It's not uncommon for musicians to have admiration for their peers, but Machine Head's Robb Flynn recently heaped some praise on Lamb of God frontman Randy Blythe that had very little to do with his musical ability.

Flynn used his weekly journal to discuss his admiration of the rocker's honesty in the midst of his recent legal plight and he also praised his work as an aspiring photographer upon checking out Blythe's Instagram feed. The Machine Head frontman stated, "If you didn’t already know, Randy became an amateur photographer when he went sober; I'm assuming to keep his mind occupied … He's always been an inspired writer, great lyricist, and just a really all-around smart dude. But the writing he's put up alongside the Instagram pictures while he was in Prague awaiting his trial ... it's truly some of the most emotionally honest and raw writings I've come across in forever. It was so painful, almost uncomfortable to read. The rollercoaster of emotions he's been on, it's powerful stuff. Everyone should read this."

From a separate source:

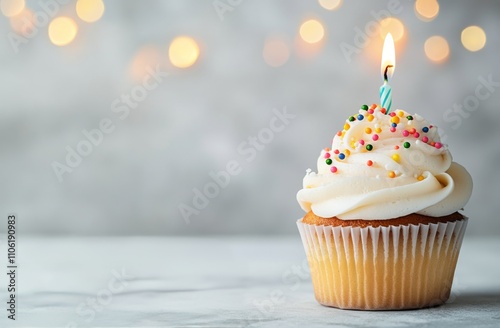 Colorful cupcake with candle and sprinkles on a background of soft lights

Flynn cited one particular posting on Blythe's feed in which the rocker spoke about crossing the Legion Bridge to see the Memorial to the Victims of Communism and how the scenery reflected how he felt -- as a man torn in half, stuck between two worlds. For the photo and Blythe's account, check here.

The Machine Head leader said he felt inspired after hearing that Blythe had started a "gratitude list," making note of all the things he felt thankful for. Flynn says that's an idea he's interested in, and he feels it will help him in his own struggles with sobriety.

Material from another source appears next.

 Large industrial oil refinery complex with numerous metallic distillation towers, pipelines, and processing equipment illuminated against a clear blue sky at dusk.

"I'm gonna make my first 'gratitude list' tomorrow," explained Flynn. "I think I need that in my life right now. Inspired, in part, by 'witnessing' Randy's ordeal/journey through Instagram and also in the fact that I’ve been 'on the wagon' for over 70 days now. Although I have come up 'a bit short' at times, it’s something that has been working for me during this REALLY stressful past couple of weeks, months. I’ve realized that I think about having a drink everyday. I’ll think to myself, 'It’s just to escape for a bit,' but the truth is, I want to drink and I want to escape it all, all the time lately. It's crazy to me how much I think about it. Maybe I'll get to a place where I can control it again and have a few drinks and a little fun. But, maybe, I'll never be able to control it again and have to accept the fact I’m better off without it. Who knows??! I don't … but either way, there's always something to be grateful for. What are you grateful for?"